# [Exercise goal]
Restate every line of the material, word for word.

# [Data records]
· · ·
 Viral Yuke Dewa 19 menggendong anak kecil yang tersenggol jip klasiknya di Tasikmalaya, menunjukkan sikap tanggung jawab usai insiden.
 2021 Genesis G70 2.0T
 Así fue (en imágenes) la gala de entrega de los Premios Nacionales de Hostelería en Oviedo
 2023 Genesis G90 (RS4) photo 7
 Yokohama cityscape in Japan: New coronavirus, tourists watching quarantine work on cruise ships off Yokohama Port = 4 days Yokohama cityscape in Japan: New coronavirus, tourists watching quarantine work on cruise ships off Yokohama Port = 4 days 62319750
· · ·
# [Task result]
 Viral Yuke Dewa 19 menggendong anak kecil yang tersenggol jip klasiknya di Tasikmalaya, menunjukkan sikap tanggung jawab usai insiden.
 2021 Genesis G70 2.0T
 Así fue (en imágenes) la gala de entrega de los Premios Nacionales de Hostelería en Oviedo
 2023 Genesis G90 (RS4) photo 7
 Yokohama cityscape in Japan: New coronavirus, tourists watching quarantine work on cruise ships off Yokohama Port = 4 days Yokohama cityscape in Japan: New coronavirus, tourists watching quarantine work on cruise ships off Yokohama Port = 4 days 62319750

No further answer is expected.